Imagine sitting down in a blissfully quiet house (nap time quiet) with a glass of Riesling, a laptop that your 14 year old is not (currently) using for video games since he is not yet home, and a baby monitor that is not lit up!
Despite all of that…
I am disappointed that my glass of wine is so quickly finished; I can only safely consume one since I am still breastfeeding.
I am disappointed that I just judged my mother for getting teary over the phone while describing a movie documenting a miraculous healing of a little girl thanks to God.
And then, something shifts. All of a sudden, I am not disappointed but instead grateful when I see how utterly stupid my disappointments are.

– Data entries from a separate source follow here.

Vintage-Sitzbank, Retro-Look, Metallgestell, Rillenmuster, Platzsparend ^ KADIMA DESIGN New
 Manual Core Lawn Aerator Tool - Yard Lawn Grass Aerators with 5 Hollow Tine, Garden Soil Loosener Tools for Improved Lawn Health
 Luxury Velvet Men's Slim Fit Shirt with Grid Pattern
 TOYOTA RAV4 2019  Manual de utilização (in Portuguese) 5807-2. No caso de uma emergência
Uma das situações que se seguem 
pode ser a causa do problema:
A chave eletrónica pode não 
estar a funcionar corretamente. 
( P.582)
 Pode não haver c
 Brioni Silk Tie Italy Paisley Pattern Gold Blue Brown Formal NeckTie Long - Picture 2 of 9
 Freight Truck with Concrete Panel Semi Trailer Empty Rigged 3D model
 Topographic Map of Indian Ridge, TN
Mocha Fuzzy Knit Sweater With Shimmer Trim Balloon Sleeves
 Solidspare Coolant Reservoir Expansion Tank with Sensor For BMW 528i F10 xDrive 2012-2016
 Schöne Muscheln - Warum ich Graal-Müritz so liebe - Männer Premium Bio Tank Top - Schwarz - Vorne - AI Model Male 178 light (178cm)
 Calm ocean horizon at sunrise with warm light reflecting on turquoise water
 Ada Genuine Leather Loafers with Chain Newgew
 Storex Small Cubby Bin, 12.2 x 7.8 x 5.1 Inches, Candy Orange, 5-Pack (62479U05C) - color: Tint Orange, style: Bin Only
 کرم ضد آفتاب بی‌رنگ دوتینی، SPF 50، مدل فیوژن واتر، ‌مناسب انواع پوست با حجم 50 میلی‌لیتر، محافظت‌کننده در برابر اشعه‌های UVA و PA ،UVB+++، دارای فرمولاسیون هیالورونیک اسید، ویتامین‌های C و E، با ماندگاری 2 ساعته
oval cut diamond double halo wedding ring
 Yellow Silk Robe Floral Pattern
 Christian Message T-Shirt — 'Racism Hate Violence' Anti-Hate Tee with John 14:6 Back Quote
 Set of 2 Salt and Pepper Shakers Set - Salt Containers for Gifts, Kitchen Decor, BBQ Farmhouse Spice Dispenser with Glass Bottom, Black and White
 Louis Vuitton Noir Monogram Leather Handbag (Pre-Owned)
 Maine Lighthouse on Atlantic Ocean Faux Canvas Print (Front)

Yeah, having only one glass of Riesling is a bummer. I used to be able to down at least two before having to take a breather. Ya’ know what though? The reason I can only have one is because I am still a breastfeeding mama. Little Man turned one year old on Sunday and I am still going strong…despite breasts that are so much smaller than the initial, post-birth fullness. And really, I shouldn’t be a gluttonous baboon anyways. If I have two glasses I will, no doubt, say immature things and regret them later.
Judging my mother is pretty crummy. I can be disappointed in myself for a few more minutes on that point. I can also still be disappointed in myself for saying “Oh G_d” to myself because that is just plain disrespectful, especially because the thing she was describing involved a miraculous healing by God!
*Maybe one minute goes by, during which I open a can of ginger ale and pour it into said empty wine glass.*
*Okay, a few minutes now. I texted other mamas about Mickey Mouse ‘Thank You’ postcards, when the appropriate time to switch to one nap is, and my desire for our children to be older so we can sit around a kitchen table, drink wine, and kabitz.*
So at this point, I am no longer disappointed in myself for judging Mum. It was a momentary lapse in judgement. It is no shock that I am a sinner. I always have been, and each day is just a journey in striving to imitate a Man who is so beautifully perfect that He somehow forgives me for the ridiculous things that I do.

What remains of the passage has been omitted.